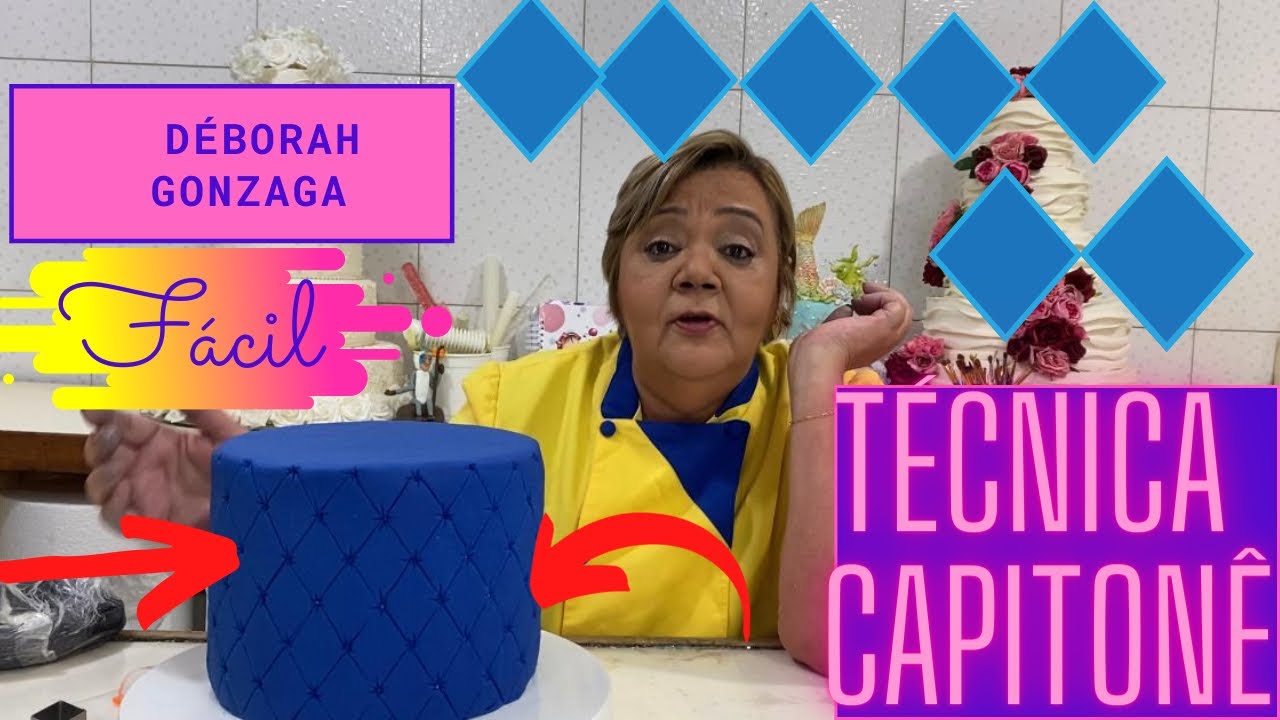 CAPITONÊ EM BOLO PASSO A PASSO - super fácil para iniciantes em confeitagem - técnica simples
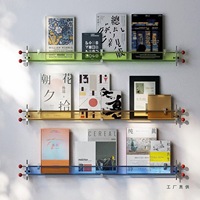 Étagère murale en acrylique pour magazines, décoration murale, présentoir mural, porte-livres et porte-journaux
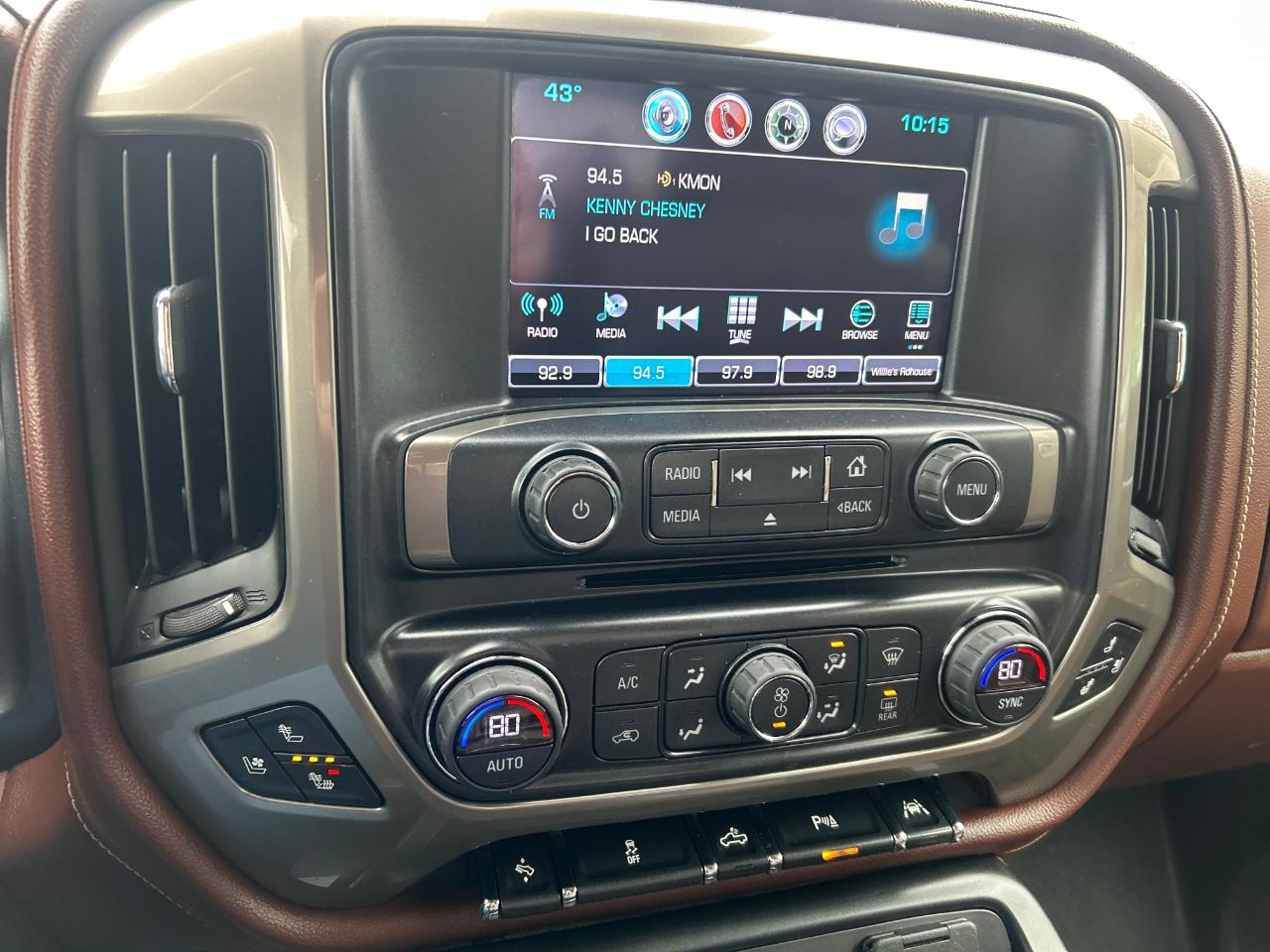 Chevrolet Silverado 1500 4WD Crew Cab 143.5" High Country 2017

────

- [Task directions]
The pictures should not be reproduced; quote all of the other material exactly.

- [Your solution]
 CAPITONÊ EM BOLO PASSO A PASSO - super fácil para iniciantes em confeitagem - técnica simples
 Étagère murale en acrylique pour magazines, décoration murale, présentoir mural, porte-livres et porte-journaux
 Chevrolet Silverado 1500 4WD Crew Cab 143.5" High Country 2017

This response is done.